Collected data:
_____

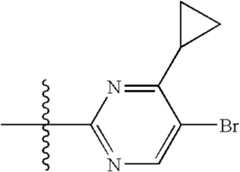 Figure US07863291-20110104-C00245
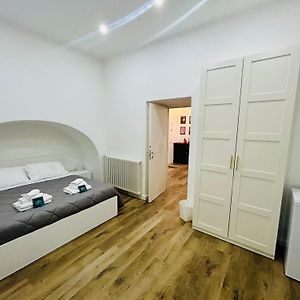 Chambre de Luxe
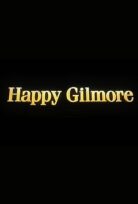 Mutlu Gilmore 2-Happy Gilmore 2 İzle (2025)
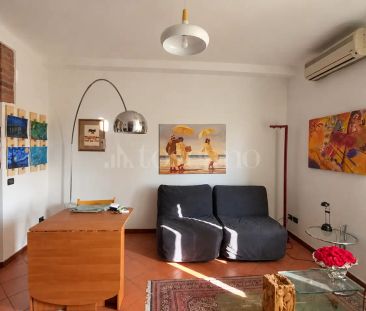 Casa in affitto - Viale Abruzzi, Milano (rif. 9/2026) - Photo 3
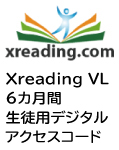 English Exercises IA(Mon,2nd)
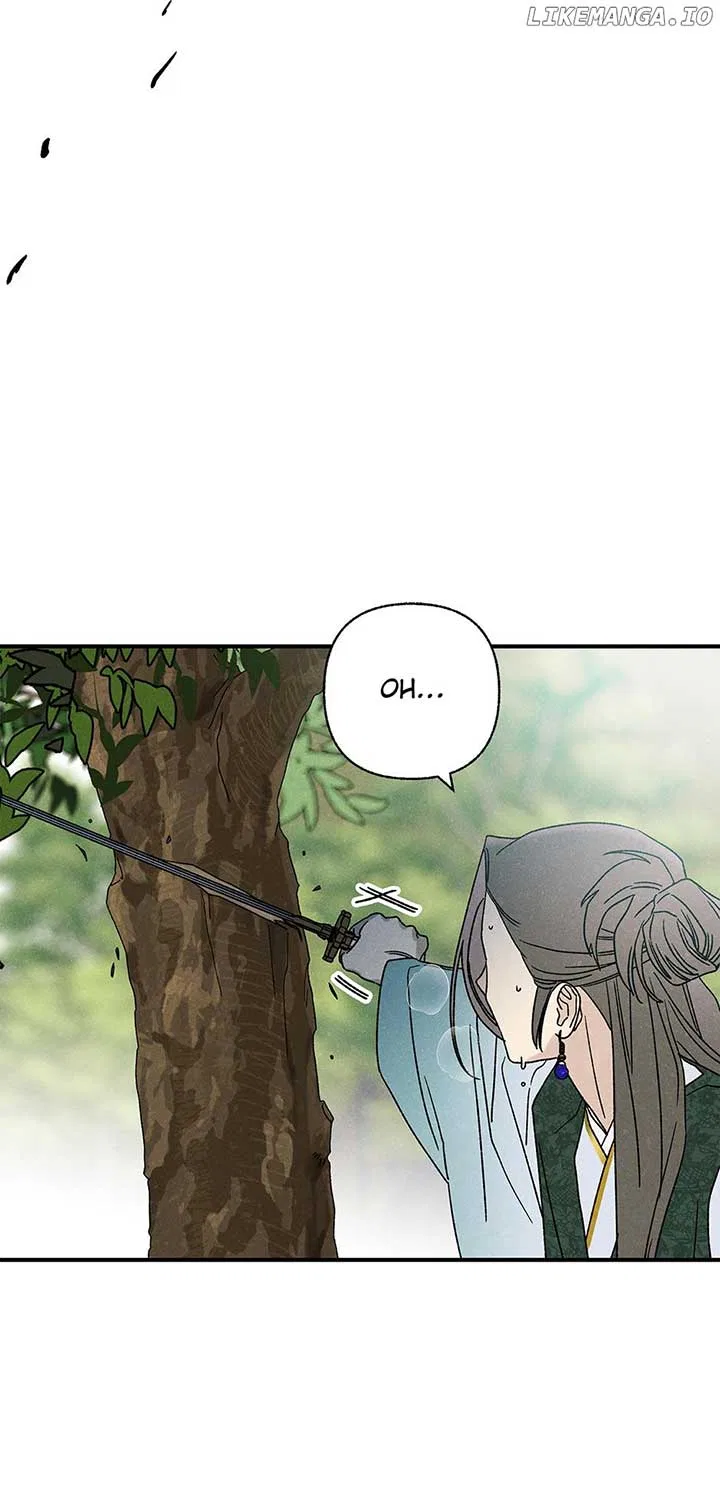 Royal Marriage (2024) Chapter 35 – Page 37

_____

■ **Exercise**
Each record needs to be reproduced exactly, and no image should be carried over.

■ **Answer section**
 Figure US07863291-20110104-C00245
 Chambre de Luxe
 Mutlu Gilmore 2-Happy Gilmore 2 İzle (2025)
 Casa in affitto - Viale Abruzzi, Milano (rif. 9/2026) - Photo 3
 English Exercises IA(Mon,2nd)
 Royal Marriage (2024) Chapter 35 – Page 37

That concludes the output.